Mixed results on county ethics reform
A couple of years ago, ethics reform for Cook County government appeared to be dead in the water. Good Government Illinois brought attention to the issue through media appearances, coordination with other reform groups, and a virtual town hall with major reform proponents.
Last month the Cook County Board finally passed some significant revisions to its ethics ordinance, though it also took an unfortunate step backward on campaign finance — and the two-year delay turns out to have been costly.
In 2019, the county’s ethics board held a series of public hearings on its review of the county’s ethics ordinance, and early the next year it voted to propose that the county board consider a series of reforms — banning dual employment that might create conflicts of interest for county officials; giving the ethics board the right to approve legal settlements in lawsuits brought on its behalf; updating nepotism restrictions; and importantly, adding protections against sexual harassment to the ethics code.
Shortly after that, two key board members were replaced by County Board President Toni Preckwinkle, and a third resigned in protest.
Commissioner Larry Suffredin took up the board’s proposals in late summer of 2020, but it wasn’t until mid-December of 2021 — two years after the initial proposal — that the County Board passed a set of amendments to the ethics ordinance incorporating many of the original proposals.

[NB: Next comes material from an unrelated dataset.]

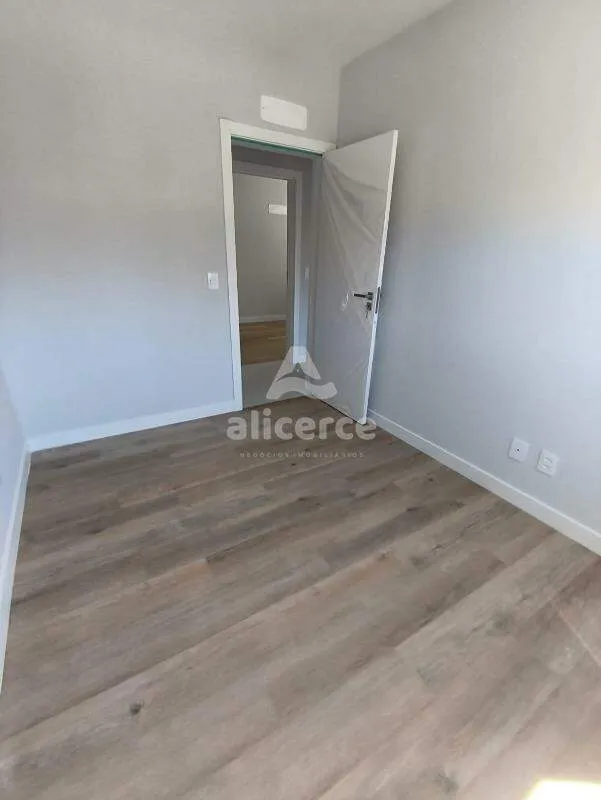 Imagem Apartamento à venda com 3 quartos 1 suíte, 87m² em Barreiros São José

We should recognize the contributions of former ethics board members Peggy Daley, Juliet Sorensen and David Grossman, who initiated this process, as well as Suffredin’s role in getting it passed.
The cost of delay
Unfortunately, because the County Board took no action while state ethics legislation was being considered and passed, county regulations governing lobbyists are preempted by weaker measures in the new state bill. Notably, the state legislation has a huge loophole that allows elected officials in many cases to work as lobbyists in other jurisdictions.

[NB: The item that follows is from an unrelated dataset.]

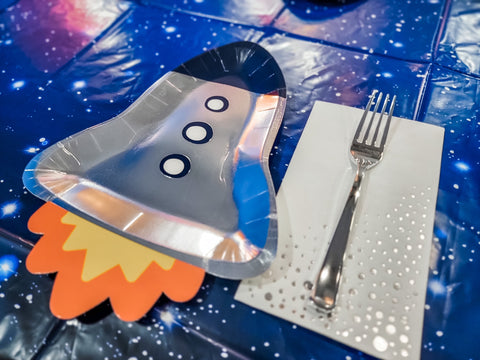 astronaut plates for birthday party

Such cross-lobbying has led to legal trouble for more than one politician. In contrast, the City of Chicago enacted a total ban on cross-lobbying in 2019 and won exemption from the state bill.
In testimony at a hearing chaired by Suffredin last year, David Orr of GGI and Alisa Kaplan of Reform for Illinois warned that state preemption was a danger and urged prompt action. (Orr now rejects county officials’ claims that state legislation caught them by surprise.)
Responding to Orr’s criticism, a county spokesperson told the Chicago Tribune in December that “we will be discussing the viability of seeking an exemption for the county from the state’s lobbying regulations for the next legislative session.”
We hope they do, and we’ll be watching on this issue.
Pay to play
The new measure increases reporting requirements for outside employment by county officials and staff, but it omits the ethics board’s recommendation for a more sweeping prohibition on side jobs that create “an appearance of impropriety.”
“Prohibiting conflicting employment would help to end ‘Pay to Play’ politics,” Daley told the Tribune. “Until that happens, we will continue to see our elected officials leverage their positions for personal profit and sadly continue to watch them face criminal corruption charges.”
The new measure also doubles — from $750 to $1,500 — the amount lobbyists and county vendors can donate to elected officials and candidates in Cook County during non-election years (that is, in three of every four years).
That change “doesn’t do a whole lot for avoiding the appearance of impropriety,” Sorensen told the Tribune. She said the change further boosts the advantage of incumbents running for reelection.
The higher limit affects thousands of county vendors, who often feel pressured to make campaign donations, since county board members vote on every contract and other county officials often influence the process, Orr said.
Meanwhile, for several years starting in 2018, the county’s Department of Human Rights and Ethics suspended carrying out its crucial function of auditing campaign contributions by lobbyists and county vendors and requiring candidates to return donations over legal limits.
The audits resumed last year, according to DHRE director Sisavahn Baker. It’s not clear yet whether possible violations during the period when audits were suspended will be addressed.